→ PROMPT: Your task is to output the listing word for word, with pictures excluded.
── GIVEN MATERIAL ──
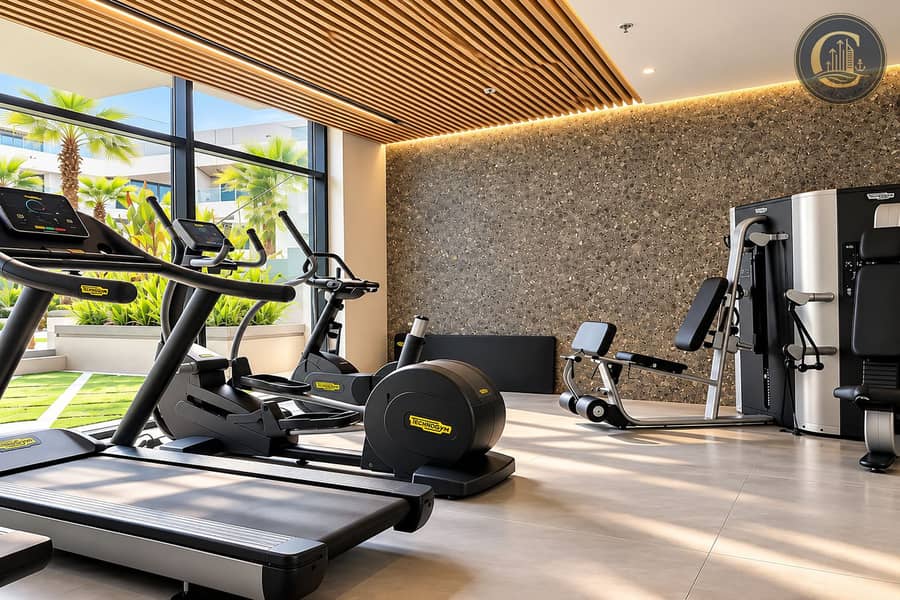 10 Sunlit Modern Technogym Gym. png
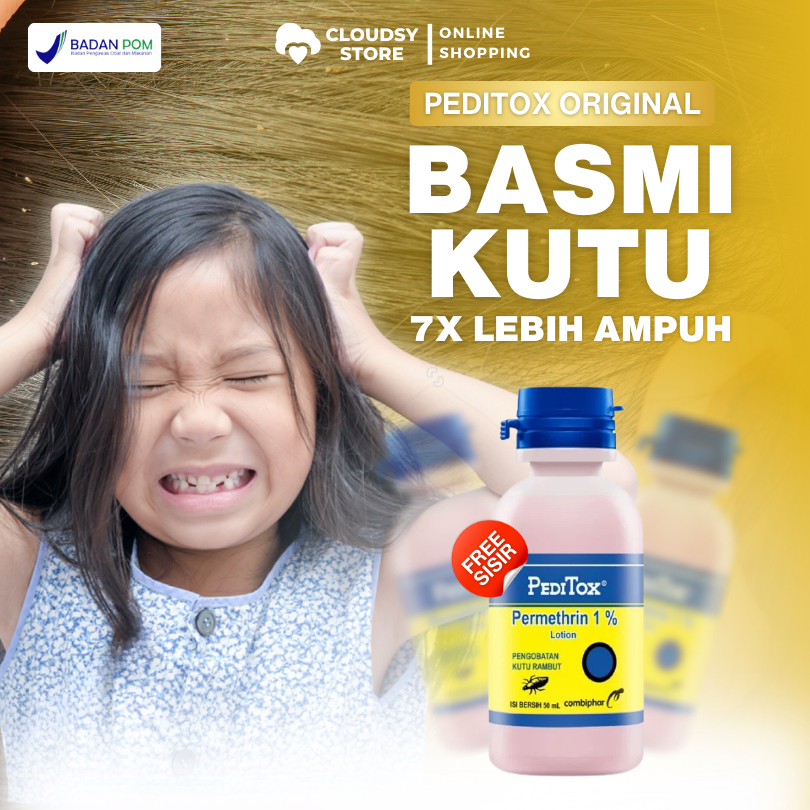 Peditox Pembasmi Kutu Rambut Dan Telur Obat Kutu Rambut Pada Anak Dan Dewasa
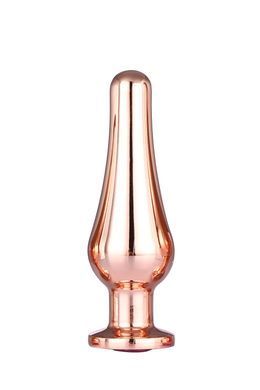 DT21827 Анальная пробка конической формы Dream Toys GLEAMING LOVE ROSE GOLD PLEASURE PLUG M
───
→ SOLVED PROBLEM:
 10 Sunlit Modern Technogym Gym. png
 Peditox Pembasmi Kutu Rambut Dan Telur Obat Kutu Rambut Pada Anak Dan Dewasa
 DT21827 Анальная пробка конической формы Dream Toys GLEAMING LOVE ROSE GOLD PLEASURE PLUG M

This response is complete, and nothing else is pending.